Does anyone have a recommendation for straightening out the thread off the spool for needle hand beading? these curly threads are driving me nuts. S.


----------



## jhendershot (May 22, 2006)

try bees wax or a thread conditioner. i use thread heaven.


----------



## CraftyDiva (Aug 26, 2003)

What type of thread is it? If silk, run it across a lightbulb in a lamp. the heat will iron out the curls. If nylon or wire run it across a table edge to straighten it out, the heat caused by the friction will do it.


----------



## huzzyjr (Apr 21, 2005)

when I take the thread off the spool I stretch it before I condition it, that really tames the curlies.


----------



## sapphira (Mar 24, 2003)

Ihave just been buying the little spool of beading thread at walmart, but the darn stuff is just too curled. I'll try the beeswax, and it never occured to me to actually iron it. I use a lot of seed beads and they are hard to work with with curled thread. I tried regular taper candle wax and it did not work. Thanx for the suggestions. Been sick as all of my family all through Christmas and could not get back to this. Thanx again. S.


----------



## CraftyDiva (Aug 26, 2003)

I like to use 7lb test fishing line for weaving seed beads. The fishline is thin enough to make several passes thru the seed bead.


----------



## sapphira (Mar 24, 2003)

I like the fishing line too but the darn stuff is also curled and drives me insane. How do you straighten that some to help out?? (My cat is very attracted to it when I bead too.)


----------



## sapphira (Mar 24, 2003)

I'm thinking about getting a goldfish just to entertain the cat........


----------



## CraftyDiva (Aug 26, 2003)

sapphira said:


> I'm thinking about getting a goldfish just to entertain the cat........
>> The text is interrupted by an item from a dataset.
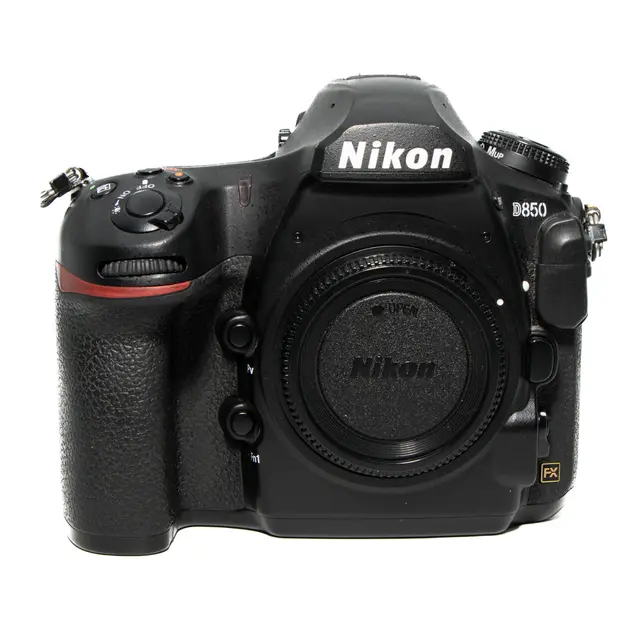 BRUKT Nikon D850 Tilstand: 3 | eksp.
LOL........... I find tying a ribbon on the cats tail keeps them entertained, plus gives you a few laughs watching the cat trying to get it off. Is that cruel?


----------



## CraftyDiva (Aug 26, 2003)

sapphira said:


> I like the fishing line too but the darn stuff is also curled and drives me insane. How do you straighten that some to help out?? (My cat is very attracted to it when I bead too.)


Pull the line across a table edge a few times, the heat of the friction will get it straightened.


----------